I cannot afford anyone's book if I am struggling to get work myself. I am looking for a customer base data list which is what I am building. I have people on Facebook that see my postings on a daily basis. Never even get a thumbs up that takes a milli-second to do. My bank of good wishes needs deposits to get any withdrawals from me these days. I do not have unconditional love. It makes me feel burnt out and used imho. So I am strictly going for customer based email blasts.
Melanie Hope Greenberg
ps I disagree with the personal stuff from the authors. I do not care what anyone eats, their dogs, cats, etc. Stay on message, I have no idea what your identity is and how one gives "Face" on Facebook. Are you an art historian? a reviewer? The messages are so convoluted I just pass those by. I did not set up a Page on FB because Pages talks AT me rather that WITH me and offers no support of my work. And I only post professionally so why dilute the message with so many pages to go to. We are "Colleagues" not real friends, so I treat FB as such.
Until publishers have the resources to adequately promote ALL books... as long as you aren't one of the 10 people whose books they DO promote, blast away. Email, Facebook, hot air balloon, whatever.
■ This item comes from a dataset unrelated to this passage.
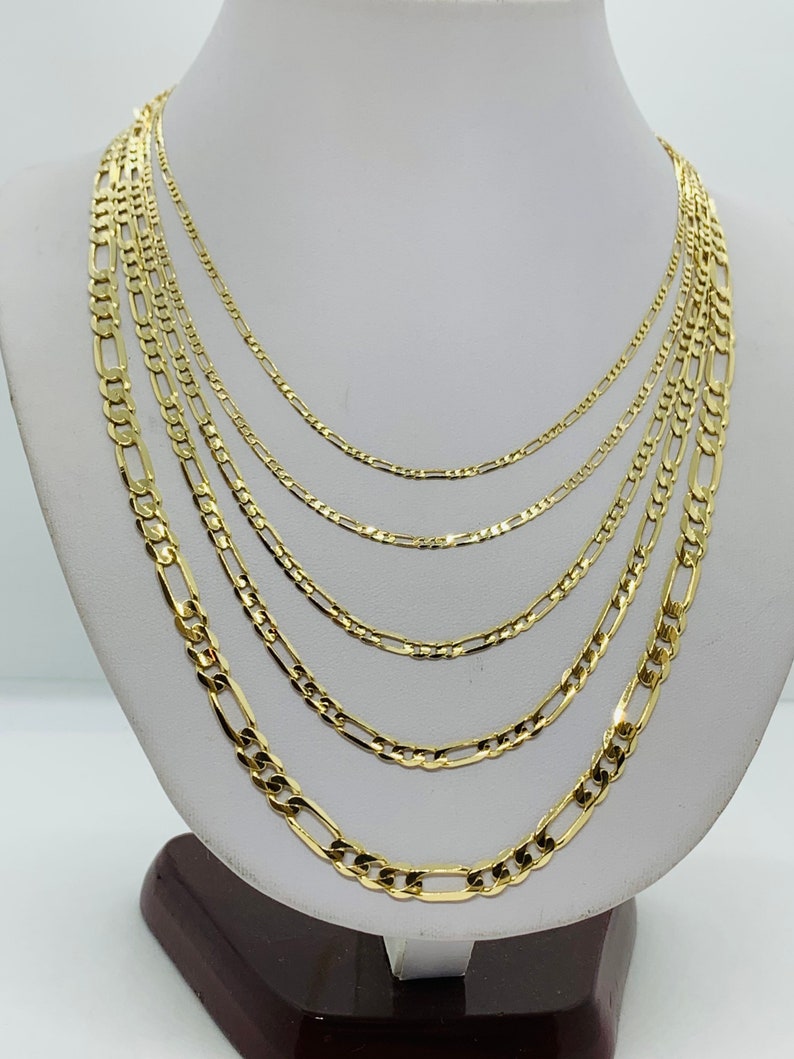 May include: A set of six gold chain necklaces of varying widths, displayed on a white mannequin bust. The chains are all made of a classic, flat, oval-shaped link.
And then there's the big box problem: Target, Walmart, etc, place huge orders for a very small number of titles. The only way to ensure that publishers maintain a deep catalog is to get books that aren't on those very short lists SOLD, even if it has to be done one book at a time.
Also, it's fun seeing what my favorite authors are up to lately!
:paula
For me, frequency absolutely figures in. I get a little annoyed when I hear from the same people about the same things month after month. But when it comes to big, occasional things like a book launch or a substantial award, I love to hear the news.
My take on including personal/family updates ... that news is appropriate for friends and relatives, but not necessary and often unwanted among industry acquaintances.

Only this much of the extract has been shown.